OK I understand the IOWR inefficiency, and thanks for the new code. I don't think I would have been able to do that on my own so quickly... pointers and me tend not to go well together.
Now suppose I have a 2-D array of alt_u8 of size 4 x 10, which represents an image. Then I want to apply a convolution filter to it by 'sliding' a 3x3 window on it to collect 8 values each time to send to hardware to do its calculation. Is there a smart way to use pointers here also as data are already packed in memory in the correct order with this also. I could not apply your suggested way and ended up doing it your first way (see code below).

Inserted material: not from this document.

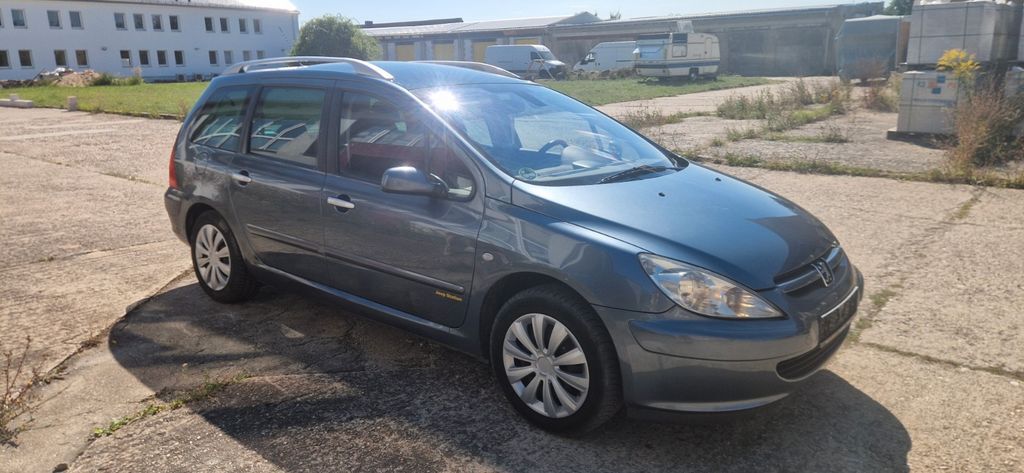 Peugeot 307 206.000 km 1.300 € Schkopau 06258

alt_u8 array_image; // fill in values
for(Y=0; Y<(4-2); Y++) {
for(X=0; X<(10-2); X++) {
// hardware calculation
IOWR_ALTERA_AVALON_PIO_DATA(DATAA_OUT1_32BITS_BASE,(array_image<<24)|(array_image<<16)|(array_image<<8)|array_image);
IOWR_ALTERA_AVALON_PIO_DATA(DATAA_OUT2_32BITS_BASE,(array_image<<24)|(array_image<<16)|(array_image<<8)|array_image);
// results back from hardware
store_array= IORD_ALTERA_AVALON_PIO_DATA(RESULTA_IN_8BITS_BASE);
}
}
I tried using the pointers method but am I right to say that I will need to re-assign 8 values to the alt_u8 array8b inside the two for-loops at each iteration loop and hence require more cpu work?
I have new questions concerning IOWR.
-When I have two IOWRs sequentially as in my code above, do these two 'writes' happen at the same time, i.e. does the hardware module who is waiting fot the data get them all at once ?
- To increase calculation speed, my next step will be to instantiate 2 calculation modules in my top level .v file, and modify the for-loops such that my image is divided into 2 (i.e. 4x5 and 4x5), and data from each sub-image goes to its respective hardware module instantiation. To do this I will need another set of PIOs (2x32bits out and 1x8bits in). Is this the right way to do it? If keep dividing my big image into more sub-images e.g 4, do I add another 2 sets of PIOs? I will end up having many sets of PIOs if my image is bigger and I want to sub-divide more!
Is there a better way to transfer the data from NIOS to the different hardware modules? Another forum member has suggested to create a wrapper module for all my instantiations and create an Avalon MM to interface to the array, but I am completely lost! Can somebody please guide me a bit through this?